I'm glad things have at least settled down in your home 

Really, what's important about being vegetarian anyways is not buying meat... So even though you're a teenager, just don't buy meat products with whatever side job you have  and at home, make an effort to eat lots of fruits and veggies so that when you move out you are able to easily know what food options there are 

For now, let her cool off, and then slowly and quietly do what you need to do.. Just don't let her know those are your plans  ke I said, our mothers are quite alike... Even though I'm the kind of person who likes to be open and honest with my family, sometimes "what they don't know won't hurt them".... Just quietly do what you need to do  

Of course, I'm not saying to lie to them, or break rules, but you don't have to tell them absolutely everything.... You will all be happier for it. 


Sent from Petguide.com Free App


----------



## ratswithfoxandbear (Feb 12, 2014)

Also, if it would make you feel better and more aligned with your personal values, choose to eat vegetarian when you can. Cereal and eggs and toast for breakfast. If she makes you a sandwich with a slice of meat, take it off. Dinner you may not win at because she will get upset. However, reducing the amount of meat in your diet also helps. 

Sometimes it is important to keep peace for your personal health and safety. I've been kicked out of my house in the past, and living in a car was a bummer. I never ever suggest fighting past the breaking point because it is not actually reasonable. You can know what your plans are and make the choices when you go out to dinner or whatever. Choose pasta options and whatnot, but if she sees you eating meat at the dinner table, she probably won't be upset if occasionally get a pasta. Not everyone eats meat at every meal, you know? That shouldn't seem odd. Also, if you are in school and having lunch made for you, add extra cheese to the sandwich or whatever and toss the meat. I dislike waste, but it's a slice.

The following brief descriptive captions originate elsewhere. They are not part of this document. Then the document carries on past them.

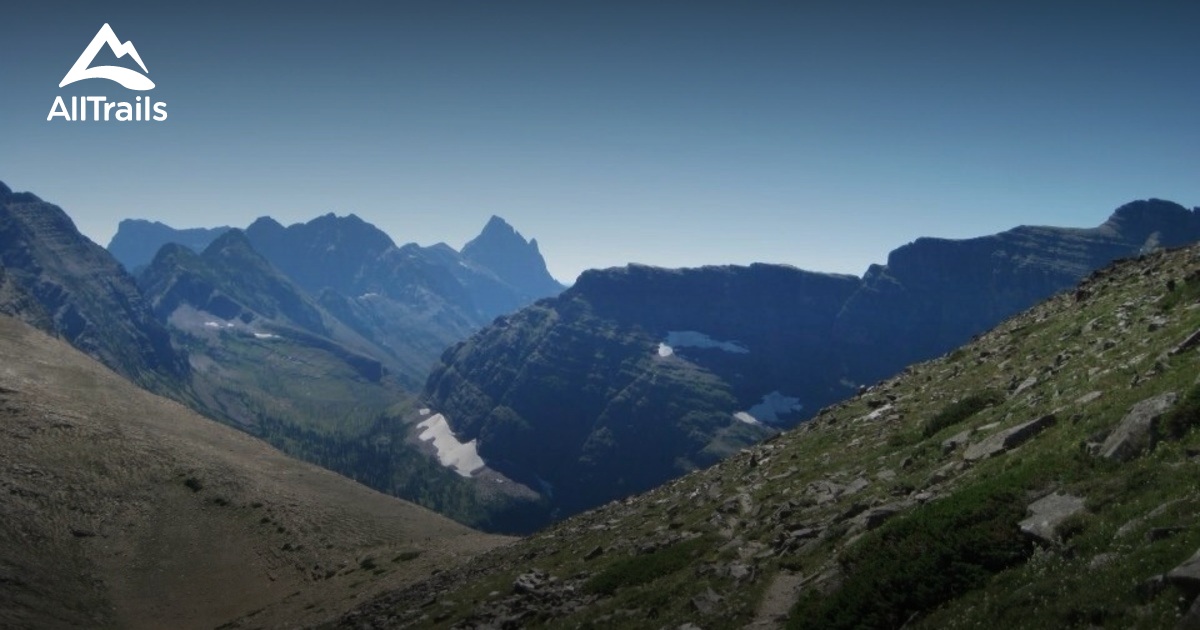 Best Trails near East Glacier Park Village, Montana AllTrails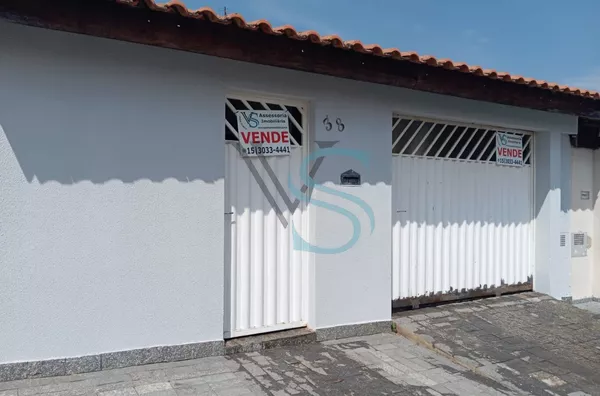Casa assobradada para venda , 3 quarto(s),  Real Parque, Votorantim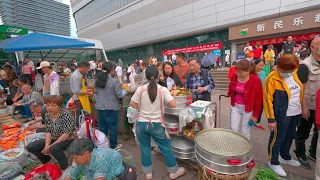 Chongqing, China Market Day｜You will fall in love with it once you come here, it has everything here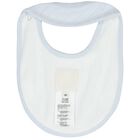 مجموعة هدايا ملابس الأطفال بشعار أزرق وأبيض, 2, hi-res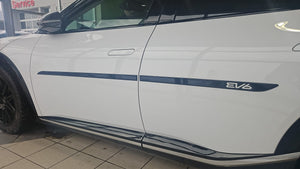 Kia EV6 (SUV) | 2022-2026 | X-SPORT | #KIV622XSP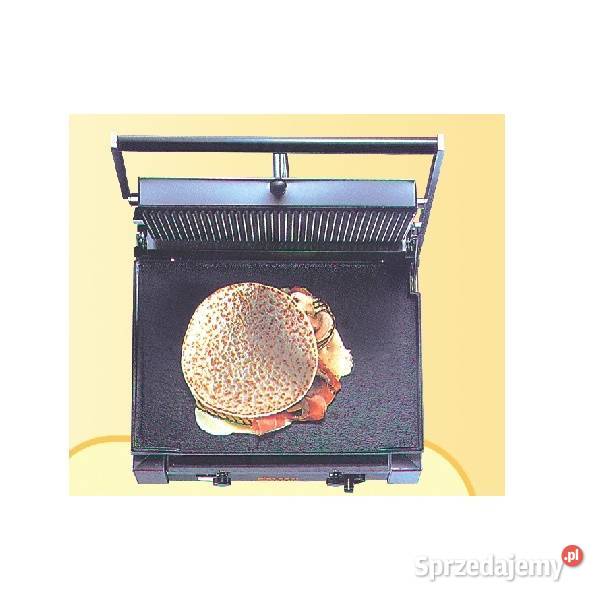 Grill kontaktowy pojedynczy CORT L SIRMAN Gastronomia Zalesie Górne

My family was not supportive of me in that regard at one point, too. I chose vegetarian options as often as I could and was in my control-- with the knowledge that it would take awhile until I could eat veg completely.


----------



## Jon (Mar 1, 2014)

Are there perhaps deeper problems? Your mother sounds like she is being over the top about this so perhaps there are other things in mind? Either so, if she has threatened to get rid of your pet ratties then that is just wrong  My mum loves/loved my rats after I educated her about how clean, clever and how much personality they have. She became attached to them like me and cried too when my Maxie died earlier today :c

Anywho, try educating your mum about rats, and also about why you want to be a vegetarian. If there are deeper problems, perhaps talk them through or if worst comes to worst, get a councilor. 

Good luck.


----------



## Kuraudia (Jan 15, 2014)

@alexn: Cannot move out just yet, seeing as I'm 17 and it's still illegal (unless I get married or something, which by the way is a no-no at the moment xD), at least here. But yes, I have been thinking about it terribly in the last couple of weeks. I want to go away and stay with a friend for the weekend sometime just to enjoy some peace and quiet.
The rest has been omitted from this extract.